After I signed contract, I rolled up my sleeves and went to work. I reorganized and cleaned everything. Mystery meat, unlabeled and undated foods and expired products were discarded. ... and none too soon because the county health inspector paid a visit the day after we finished. Whew!


----------



## wheresthegrub (Oct 28, 2008)

My wife, our oldest boy and myself absolutely #$!%& love watching $#%$% Gordan Ramsey's #%&%&* shows. Sure he leans towards the %$&*#* dramatic, but thats what %#%$*& sells.

As far as kitchen hygene is concerned, I used to work in commercial pest control (night division). There aren't many restaurants that I can eat at. I remember one chinese place I serviced, the health inspector shut them down (so they contracted with us). Would you believe that the fryer had about 1 inch of fat along the sides and you know what they did? They spray painted it with silver paint! God's honest truth! I went in to do an armaggedon, spray, fume, gas...and they argued with me that they didn't want to take down the roast pigs hanging in the back room (outside the fridge). 

I can tell you some kitchen nightmares...that are still there!!!:suprise::suprise:


----------



## ed buchanan (May 29, 2006)

In all due respect, Gordon tries to do a good job, However ask yourselves how a local health department could have let any of those places stay open. If I were an inspector they would be closed. I would sooner have people out of work then sick, or maybe dead. I would pass an ordinance in every state, that any owner of a place like shown on the program, not only be fined but also subject to JAIL TIME(as attempted murder is a felony). I would bet then, that no place would get as bad as they are.


----------



## wheresthegrub (Oct 28, 2008)

My guess it that the health department is not a "priority" to local government, so they are severly understaffed. At least that is how I see it in Los Angeles county. I serviced this one restaurant, right next to civic center (where health dept was) that had a long term rat problem. I would go in, turn on the flashlight and see, oh, 20-25 rats feasting on open trash cans full of tortillas (that were served to the public). I can't say this is true or not cause I didn't see it, but one of the cooks told me they pulled out a rat that had fallen in the fryer and died. They had 1 inch gap on the back door; only thing missing was a neon sign inviting rats in.

This is NOT the exception. I had accounts like this daily! All types of restaurants, all types of ethinicities, "fancy" restaurants and little shacks.
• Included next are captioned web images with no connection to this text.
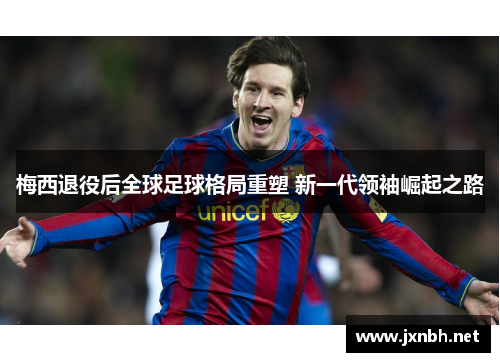 梅西退役后全球足球格局重塑 新一代领袖崛起之路
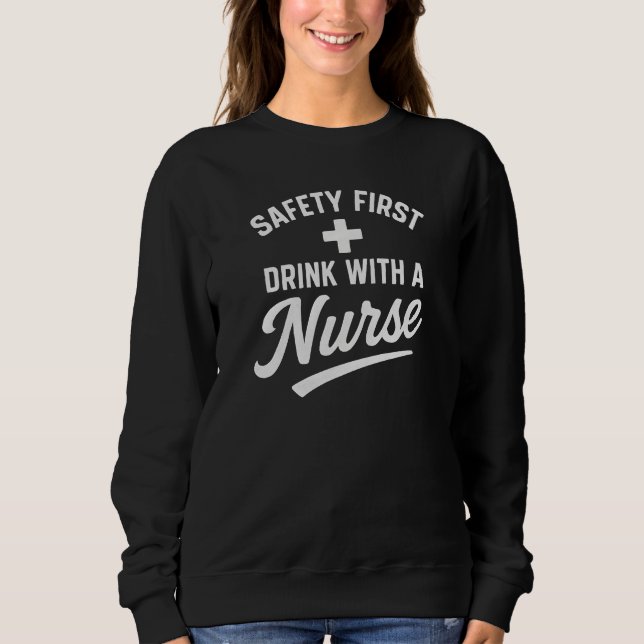 SAFETY FIRST  +  DRINK WITH A Nurse Sweatshirt (Front)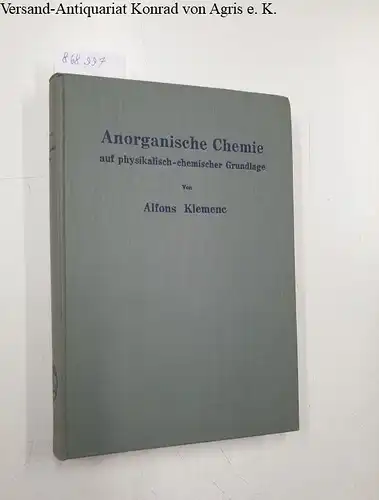 Klemene, Alfons: Anorganische Chemie
 auf physikalisch-chemischer Grundlage. 
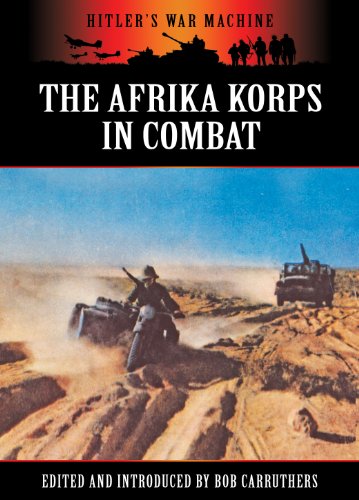 The Afrika Korps In Combat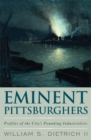 Eminent Pittsburghers : Profiles of the City's Founding Industrialists - eBook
I would "write them up" and send a copy to the health dept. and nothing would get done.


----------



## kyheirloomer (Feb 1, 2007)

>I would bet then, that no place would get as bad as they are. <

The scary thing, Ed, is that those guys, judging from what we see on the show, aren't aware that they're doing anything wrong. So, even if they had a law like you suggest, it wouldn't mean anything until they were caught.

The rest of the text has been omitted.